The sustainability of an FT program requires financial planning, knowledge of the regulatory framework, and a clear understanding of the reimbursement model. Since 2024, techniques such as HIFU, IRE, and cryotherapy have been recognized by agencies such as the FDA under the category of “prostate tissue ablation,” both in primary and salvage treatment settings.
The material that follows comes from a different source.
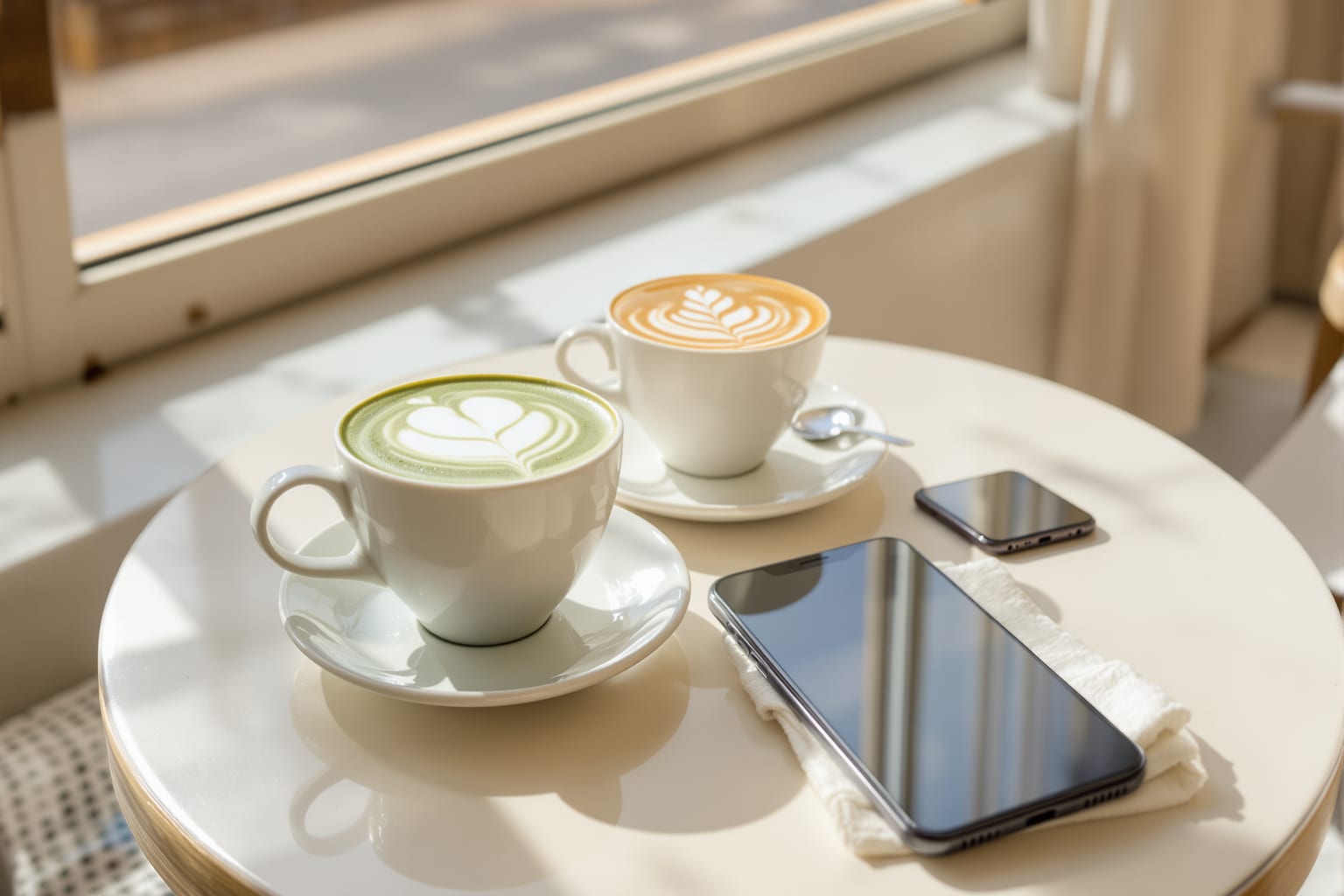 Dos lattes y dos teléfonos en una mesa de café iluminada por el sol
Finally, having the necessary tools—including targeted biopsy programs, training in at least one FT technique, and the appropriate care setting—enhances the quality of the program. It is imperative to engage in active participation in scientific societies, training programs, and specialized courses to promote continuous improvement, encourage scientific exchange, and achieve clinical excellence in the field of focal therapy.

Conclusions

FT emerges as an increasingly recognized intermediate therapeutic strategy for the management of localized PCa in patients with well-characterized IL, particularly in intermediate-risk patients. Its implementation has shown to lead to a significant reduction in the adverse effects associated with radical treatments, while maintaining acceptable rates of oncological control in the short and medium term. Advancements in imaging techniques, particularly mpMRI, which has the most substantial evidence and established application, along with the development of specific tools such as PI-RADS v2.1, PI-FAB, and TARGET systems, have improved diagnostic accuracy and surveillance. However, significant challenges persist, including the dearth of long-term data, the absence of standardized guidelines, and logistical and economic barriers to its integration into the public health care system. The consolidation of working groups, the development of multicenter registries, and multidisciplinary training will be pivotal to its establishment in clinical practice, particularly within the framework of the Spanish healthcare system.

Funding statement

This work has not received specific funding from public, commercial, or non-profit agencies.

Declaration of competing interest

The authors declare that they have no conflicts of interest.